HELENA – A House committee made sweeping changes to a Senate proposal to overhaul Montana’s medical marijuana law Wednesday, tightening the measure even further and then passing it to the House floor.
Senate Bill 423, sponsored by Senate Majority Leader Jeff Essmann, R-Billings, aims to reduce the number of medical marijuana users and sellers in the booming industry.
The House took Essmann’s tight regulation measure and turned it into an almost an entirely different bill, going to lengths to have the tightest control of the marijuana industry without doing away with the drug altogether.
Analysts estimate that Essmann’s bill may reduce the number of legal marijuana users from more than 28,000 to fewer than 2,000. The new overhaul likely reduces that number even more.
Republican representatives say the new regulations are the next best thing in case Gov. Brian Schweitzer doesn’t sign the bill lawmakers passed last week that would repeal the 2004 voter-approved law.
“I want it regulated down to the furthest point, this does that,” said Human Services Committee Chairman David Howard, R-Park City, a former FBI agent who has been a vocal advocate of full repeal.
The measure cleared the committee on a 12-3 vote after the bill received a hearing. The bill will now head to the House floor.
The revised overhaul drew support from both Republicans and Democrats, but reluctantly. Representatives from both parties said they thought the bill had a number of flaws, but said they were pressed to act on this major issue before it’s too late. Others opposed the measure, saying it goes too far and potentially denies the drug to Montanans who need it.
“This bill completely eliminates patients access to medical marijuana,” said Rep. Ellie Hill D-Missoula
The changes to the bill, brought by Rep. Cary Smith, R-Billings, would prohibit marijuana from being sold or purchased. Instead, the transfer of marijuana could only be made for free, on compassionate grounds.
Smith said his intention was to remove the business aspect from the use of marijuana entirely. Currently, the growing and selling of the drug is a multimillion dollar industry.

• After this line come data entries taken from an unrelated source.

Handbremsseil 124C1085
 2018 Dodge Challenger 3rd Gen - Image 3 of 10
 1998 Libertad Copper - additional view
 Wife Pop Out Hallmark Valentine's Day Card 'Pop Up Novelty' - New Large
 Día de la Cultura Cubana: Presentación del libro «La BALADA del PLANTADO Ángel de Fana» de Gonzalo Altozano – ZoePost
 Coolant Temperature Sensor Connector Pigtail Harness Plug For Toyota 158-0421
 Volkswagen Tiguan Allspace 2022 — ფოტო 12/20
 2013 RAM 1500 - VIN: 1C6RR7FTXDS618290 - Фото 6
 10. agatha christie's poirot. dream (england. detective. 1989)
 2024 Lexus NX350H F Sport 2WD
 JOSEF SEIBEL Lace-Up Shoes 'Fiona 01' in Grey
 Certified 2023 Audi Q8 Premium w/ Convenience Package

Medical marijuana businesses were the target of a series of raids earlier this month as part of an 18-month federal investigation into drug trafficking and tax evasion.
Removing the sale of goods from the system does away with the debate over what state agency would be the licensing authority for the sale of the drug, one of the stickiest points of contention when the bill made its way through the Senate last month.
Smith’s amendments propose limiting cannabis providers to growing the drug for only one person, or three if two of the drug users were related to the provider.
The bill would also eliminate the proposed two doctor approval system and the list of marijuana treatable conditions found in Essmann’s measure. Instead the bill now leaves the determination of treatment up to the physician.
Most lawmakers say something needs to be done to harness Montana’s quickly growing medical marijuana industry, which many say has sprawled beyond the intent of the voter initiative.
The bill is a product of a last-minute Senate effort to put together an overhaul proposal, and it’s already undergone a number of major changes while clearing the Senate. Republican leaders in both chambers see the measure as a work in progress and expect many more changes to be made.